> YOUR OBJECTIVE:
Find and copy the lines in the records beneath this task that contain the word "White".

[Items from a data source]
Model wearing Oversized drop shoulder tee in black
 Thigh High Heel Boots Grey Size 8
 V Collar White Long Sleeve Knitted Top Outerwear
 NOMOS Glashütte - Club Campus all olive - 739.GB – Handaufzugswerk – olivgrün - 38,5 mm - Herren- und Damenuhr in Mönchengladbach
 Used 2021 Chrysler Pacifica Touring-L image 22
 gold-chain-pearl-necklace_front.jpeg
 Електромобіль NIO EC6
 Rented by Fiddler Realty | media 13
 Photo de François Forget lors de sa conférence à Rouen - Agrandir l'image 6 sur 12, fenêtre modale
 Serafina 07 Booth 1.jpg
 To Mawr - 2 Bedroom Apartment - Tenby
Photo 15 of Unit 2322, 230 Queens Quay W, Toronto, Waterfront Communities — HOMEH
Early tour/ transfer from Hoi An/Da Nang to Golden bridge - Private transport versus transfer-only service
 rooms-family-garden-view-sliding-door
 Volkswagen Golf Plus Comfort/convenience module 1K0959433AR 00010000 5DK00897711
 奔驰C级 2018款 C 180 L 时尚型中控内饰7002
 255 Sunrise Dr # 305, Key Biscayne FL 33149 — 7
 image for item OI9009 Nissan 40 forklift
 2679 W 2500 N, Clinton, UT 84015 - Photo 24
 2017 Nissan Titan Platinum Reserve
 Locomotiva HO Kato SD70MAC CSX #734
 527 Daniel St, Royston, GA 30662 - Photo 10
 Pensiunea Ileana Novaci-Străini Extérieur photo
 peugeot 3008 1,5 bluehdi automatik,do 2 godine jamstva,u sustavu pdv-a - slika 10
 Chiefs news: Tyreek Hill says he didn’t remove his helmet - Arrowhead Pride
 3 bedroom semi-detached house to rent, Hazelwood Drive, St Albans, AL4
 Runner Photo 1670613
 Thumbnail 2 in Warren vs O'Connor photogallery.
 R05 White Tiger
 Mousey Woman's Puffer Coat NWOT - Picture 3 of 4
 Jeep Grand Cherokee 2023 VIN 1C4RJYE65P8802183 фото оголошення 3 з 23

> ANSWER SECTION:
 V Collar White Long Sleeve Knitted Top Outerwear
 R05 White Tiger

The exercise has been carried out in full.